Altmayer brought his hands together, thin fingers interlacing nervously, "I've heard nothing of this."

"I know." The Coordinator clasped his hands behind his back and was distantly surprised to find that they were trembling. He said, "It's been a long journey for the two of us, Dick. We've had the same goal, you and I- No, let me speak. I've often wanted to explain my point of view to you, but you would never have understood. You weren't the kind of man to understand, until I had the results for you. -I was twenty-five when I first visited a Diaboli world, Dick. I knew then it was either they or we."

"I said so," whispered Altmayer, "from the first."

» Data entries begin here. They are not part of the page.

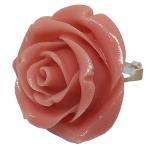 Coralli di Sardegna Ring pink Coral in Rose Shape 35mm with Silver Setting, Adjustable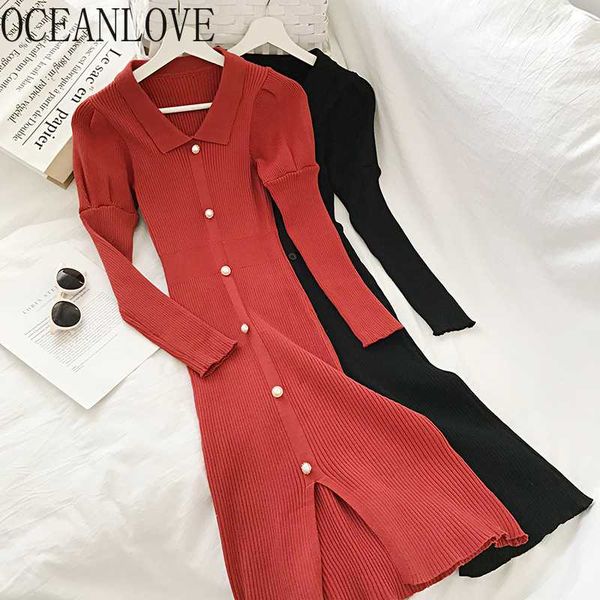 

oceanlove solid knitted sweater dress women 2020 spring autumn button bodycon dresses korean ins new stretch vestidos 13794, Black;gray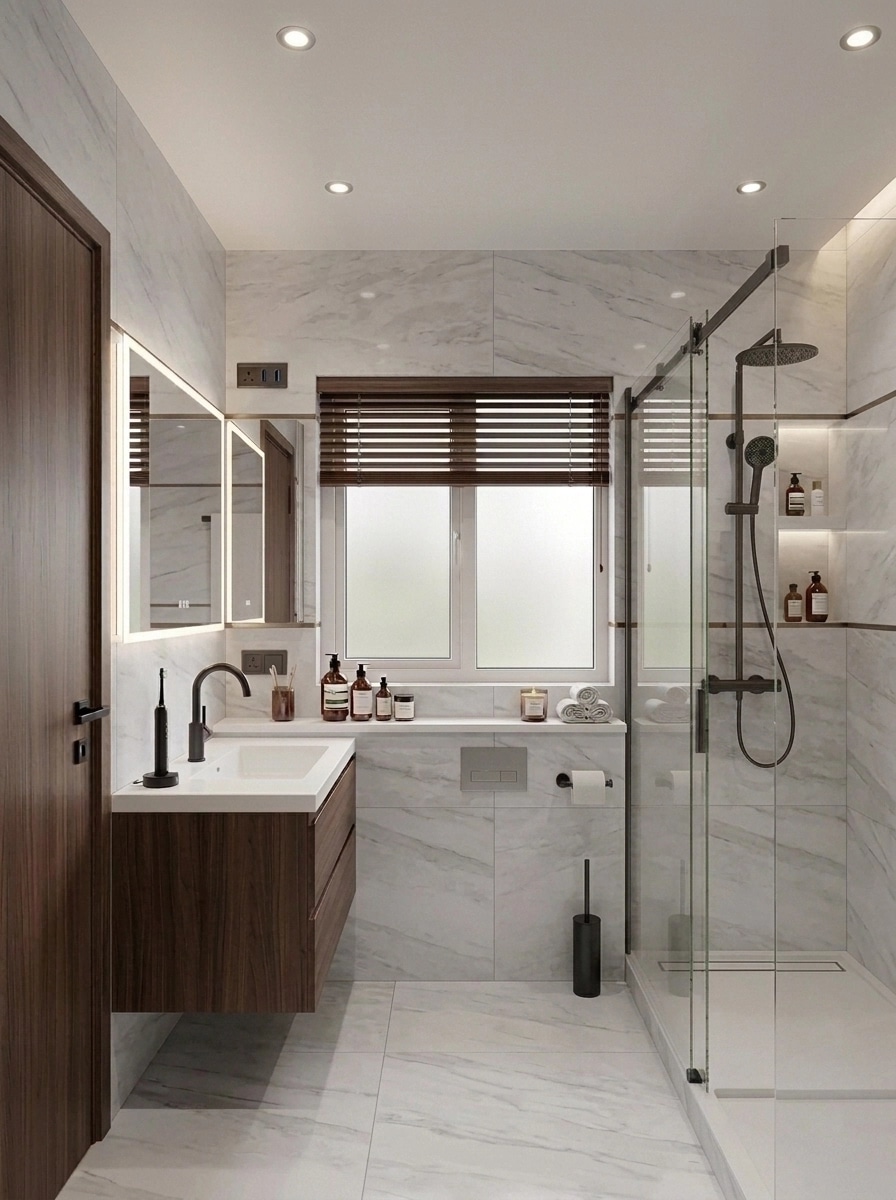 Contemporary Bathroom design — interior photo by GenRoom AI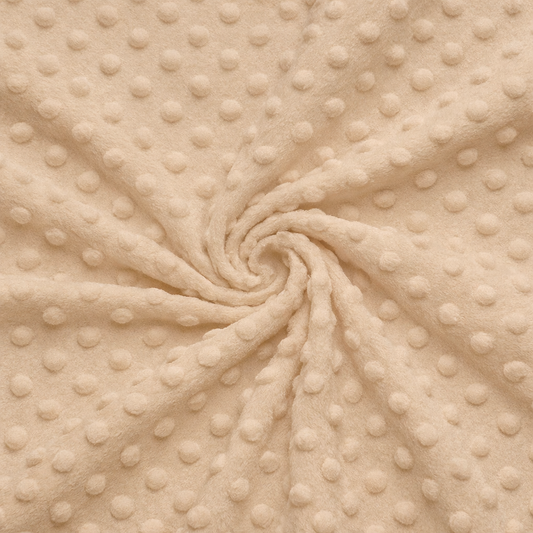 Minky pile beige cipriato, altezza 150 cm, peso 250 g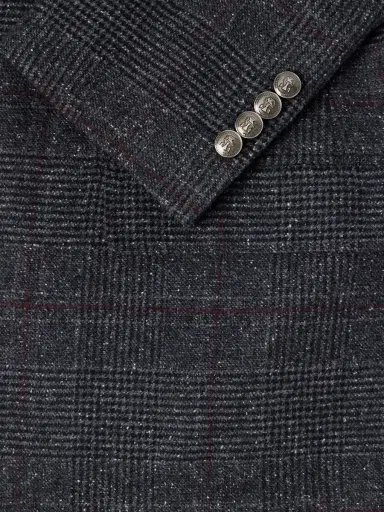 Brunello Cucinelli Checked Silk, Wool and Cashmere-Blend Suit Jacket - Men | Thumbnail 2 Brunello Cucinelli Checked Silk, Wool and Cashmere-Blend Suit Jacket - Men | Thumbnail 2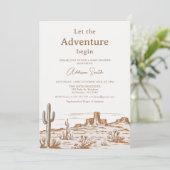 Vintage Wüste Wilderness Kinderdusche Einladung (Stehend Vorderseite)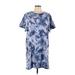 Old Navy Casual Dress - Mini Crew Neck Short sleeves: Blue Print Dresses - Women's Size Large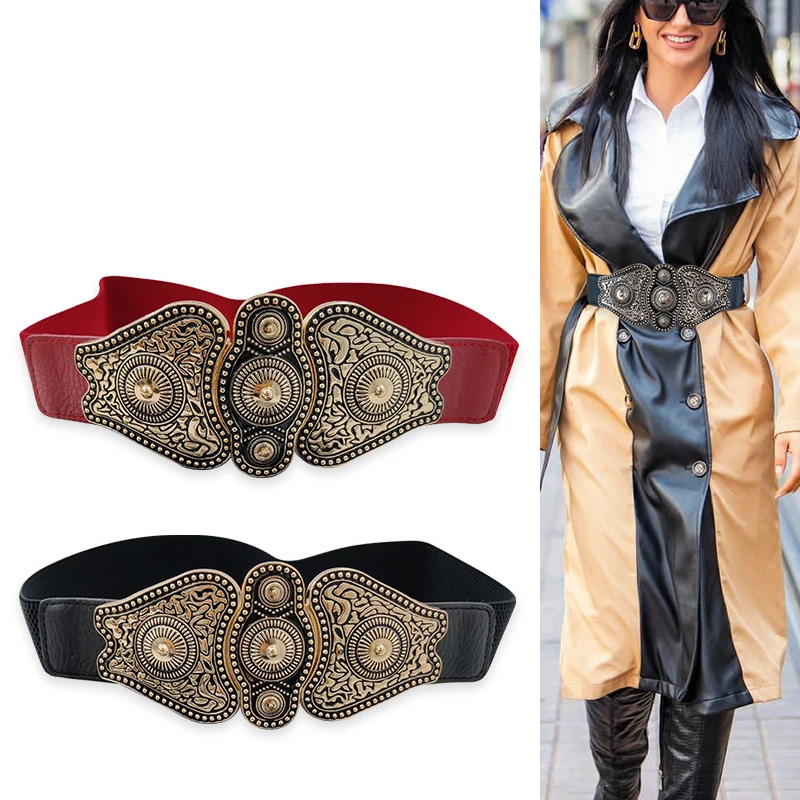 Desinger Belts For Women High Quality Vintage Wide Stretch Cummerbunds Red Black Corset Belt Female Elastic Waistband White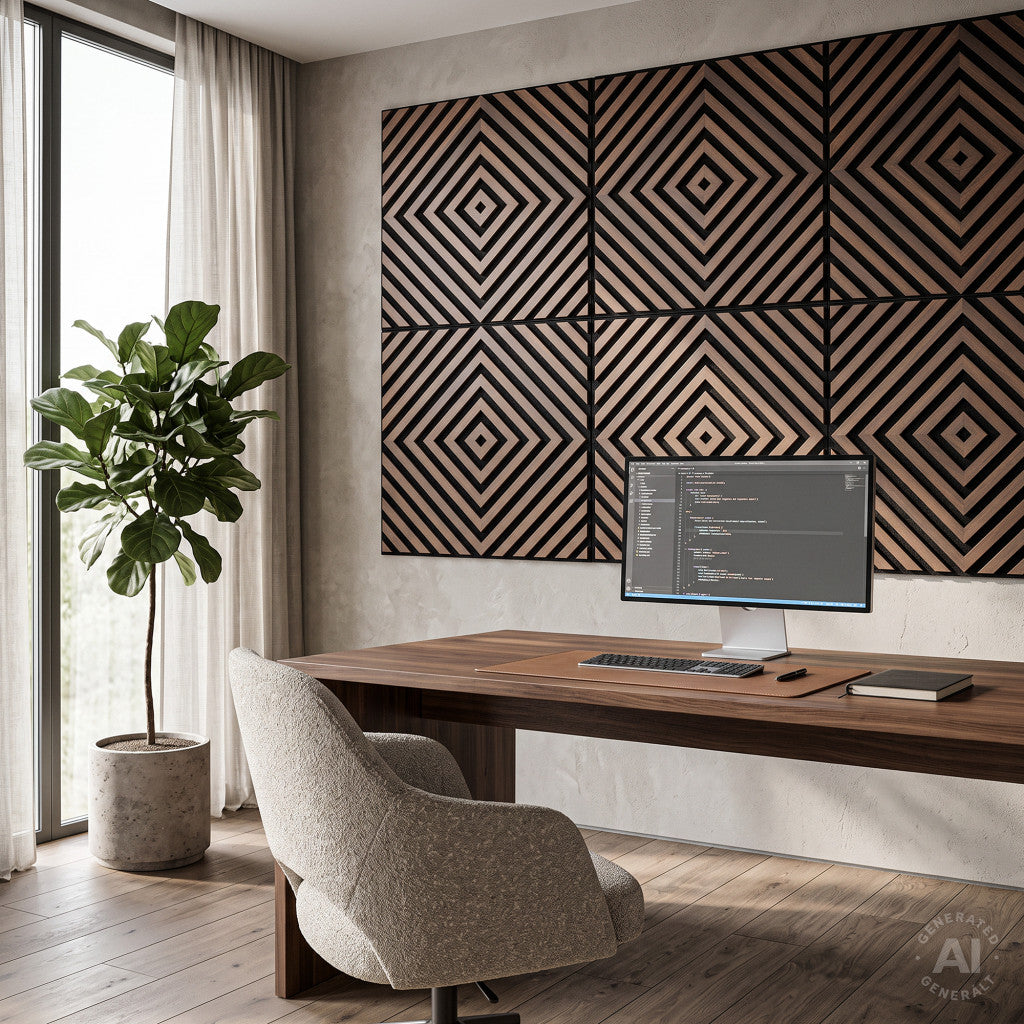 Akusztikus falpanel Deco XI dió 60x60x1,8 cm Másodlagos kép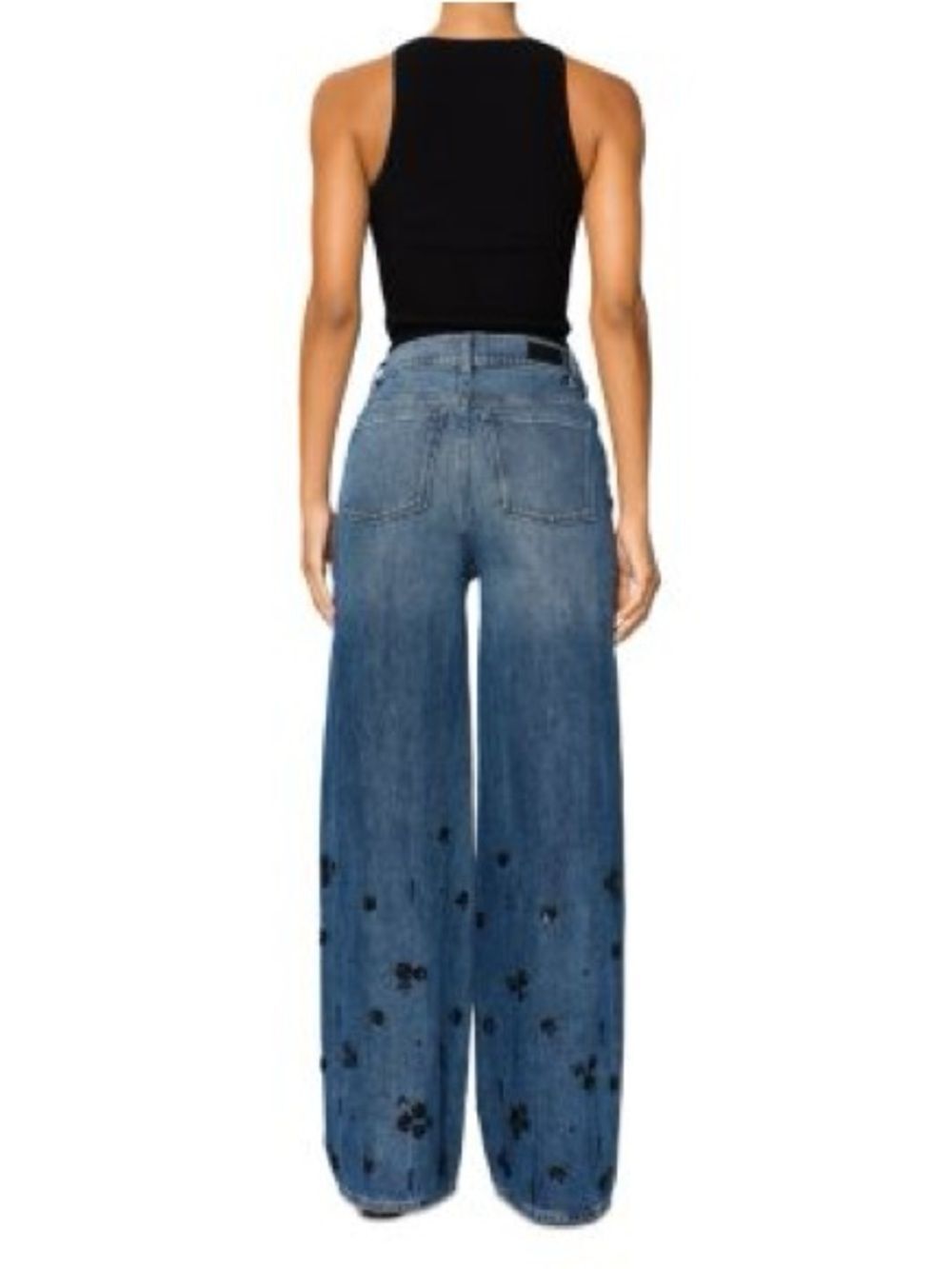 DL1961 Hepburn Embellished Wide Leg High Rise Crystal Floral 32 Medium Wash - Picture 3 of 8
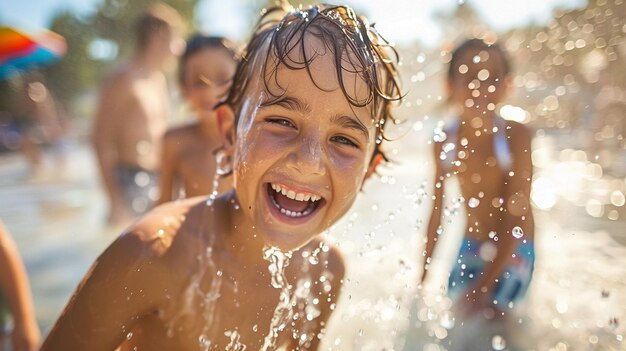 crianças brincam em um splash pad seu riso ecoando como eles correm através de riachos de água tempo de férias de verão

"Merely saying so was not enough. You wanted to force the human governments to unite against them and that notion was politically unrealistic and completely impossible. It wasn't even desirable. Humans are not Diaboli. Among the Diaboli individual consciousness is low, almost nonexistent. Ours is almost overpowering. They have no such thing as politics; we have nothing else. They can never disagree, can have nothing but a single government. We can never agree; if we had a single island to live on, we would split it in three.

"But our very disagreements are our strength! Your Federalist party used to speak of ancient Greece a great deal once. Do you remember? But your people always missed the point. To be sure, Greece could never unite and was therefore ultimately conquered. But even in her state of disunion, she defeated the gigantic Persian Empire. Why?

"I would like to point out that the Greek city-states over centuries had fought with one another. They were forced to specialize in things military to an extent far beyond the Persians. Even the Persians themselves realized that, and in the last century of their imperial existence, Greek mercenaries formed the most valued parts of their armies.

"The same might be said of the small nation-states of preatomic Europe, which in centuries of fighting had advanced their military arts to the point where they could overcome and hold for two hundred years the comparatively gigantic empires of Asia.